Carmen María Machado: “La bondad absoluta no es requisito para que las lesbianas tengamos derechos”
La joven escritora estadounidense finalista del prestigioso National Book Award se aventura ahora con un tema del que no muchos se hacen cargo: la violencia en las relaciones lésbicas.
Aunque su nombre es totalmente hispano, Carmen María Machado (1986) no habla una sola palabra de español al teléfono y probablemente no se perciba a sí misma como “latina”. De la misma manera, la escritora nacida en Allentown (Pennsylvania) cree que Cuba, el país del que su abuelo emigró a Estados Unidos antes de la Revolución, está demasiado lejos de su realidad. Ella habla de “ni tan lejos, ni tan cerca” y uno podría aventurar que la relación de Machado con su origen es también única e irrepetible.

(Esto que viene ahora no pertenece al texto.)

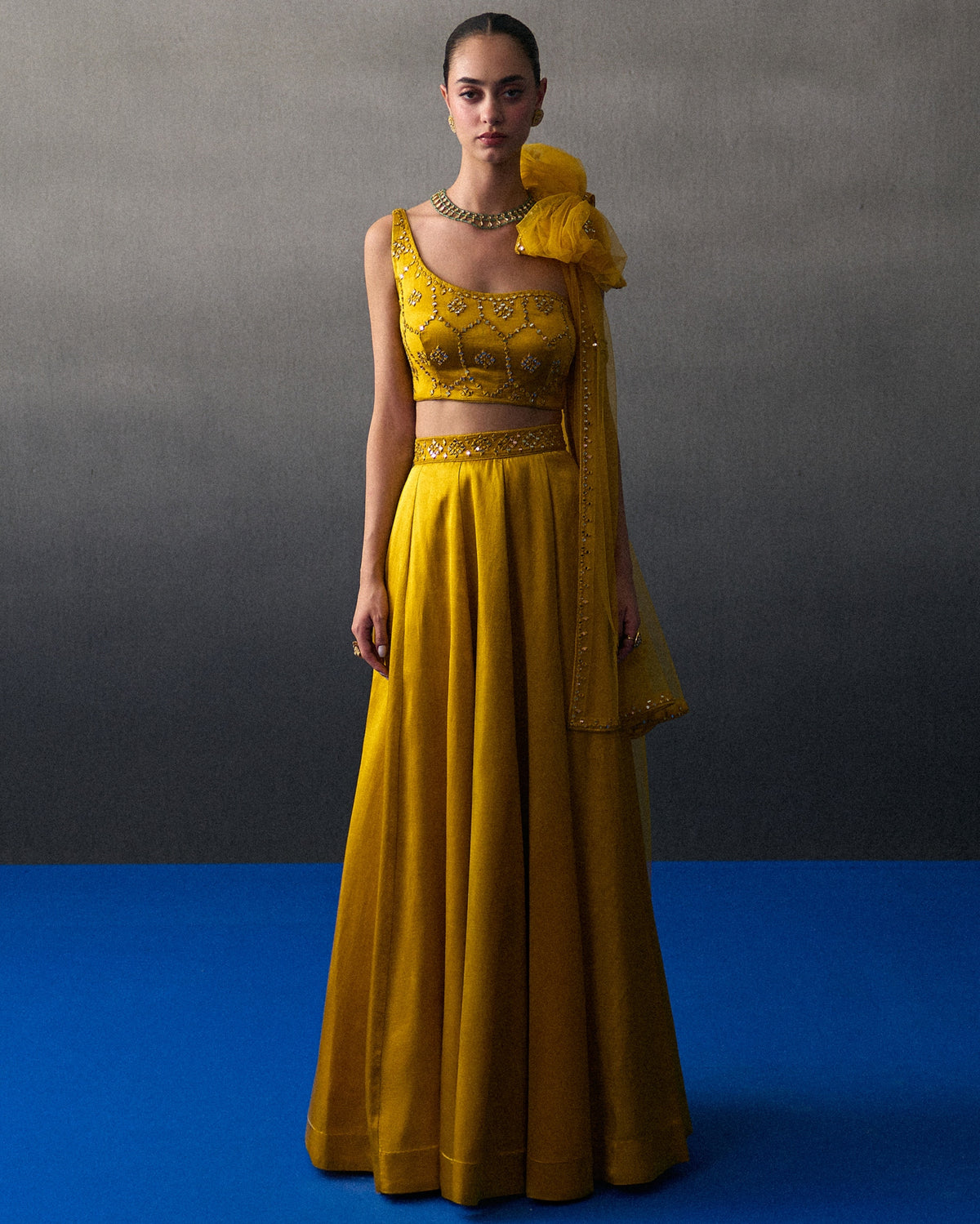 Mustard Satin Silk Festive Lehenga Set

También tiene el carácter de poco común su literatura, a medio camino entre el horror, las distopías, los libros feministas, la literatura queer, la autobiografía y hasta el realismo mágico. De cierta manera Carmen María Machado se las arregla para no caer bajo etiquetas clásica y para provocar con temas que no son de fácil digestión para la mayoría.
Ya lo hizo así con su libro de relatos Su cuerpo y otras fiestas (Anagrama, 2018), que fue finalista en el prestigioso National Book Award y que esta compuesto de ocho cuentos fantásticos mediados por el sexo y lo físico. La escritora se fue transformando de esta forma en una voz desafiante e incómoda, siempre dispuesta a poner el dedo en la llaga.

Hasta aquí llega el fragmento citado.